Uber a licencié Anthony Levandowski, un transfuge de chez Waymo impliqué dans une affaire de vol de propriété industrielle. La filiale d'Alphabet accuse en effet le service de VTC de se servir de ses propres technologies dans le développement de ses voitures autonomes.
Pour comprendre la portée de la mesure, il faut rembobiner un peu. En février dernier, Alphabet dépose plainte contre Uber pour vol de propriété industrielle. Le premier reproche au second d’avoir profité de l’embauche d’Anthony Levandowski, qui a travaillé un temps chez Waymo, une des filiales de la maison mère de Google, notamment sur les systèmes lidar (laser detection and ranging) essentiels aux véhicules autonomes.
Levandowski n’est pas allé directement travailler chez Uber. Il a d’abord été embauché par Waymo, avant de fonder sa propre entreprise, Otto, spécialisée dans la conception de poids-lourds autonomes. Or, c’est cette société qu’Uber a racheté quelque temps après. Pour 680 millions de dollars, elle récoltait notamment toute la propriété industrielle, y compris celle créée par Levandowski… que Waymo a accusé de récupération.

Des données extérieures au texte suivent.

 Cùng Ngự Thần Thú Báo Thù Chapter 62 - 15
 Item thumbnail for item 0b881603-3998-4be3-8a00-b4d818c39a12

La conséquence d'un refus d'obtempérer
Uber s’est donc débarrassée littéralement d’Anthony Levandowski. L’information a d’abord été rapportée par le New York Times, qui a obtenu confirmation de l’entreprise, tout comme Recode.
La question qui se pose évidemment est de savoir si ce départ forcé est une conséquence directe de l’affaire qui lie Alphabet à Uber. Dans l’affaire en cours, le témoignage de Levandowski est bien entendu un élément clé. Or, l’ingénieur et chef d’équipe a refusé de s’y plier pour l’instant, invoquant le Cinquième amendement de la Constitution américaine, qui permet de ne pas témoigner contre soi-même.
Il y a environ deux semaines, Uber a officiellement demandé à Levandowski de changer de ligne de conduite. L’entreprise lui recommandait ainsi de ne plus s’abriter derrière le Cinquième amendement et d’obtempérer au tribunal, qui lui réclame de nombreux documents. En outre, il lui est demandé son ordinateur portable ainsi que les données qu’il contient et la liste de tous les contacts qui auraient pu accéder à ces informations.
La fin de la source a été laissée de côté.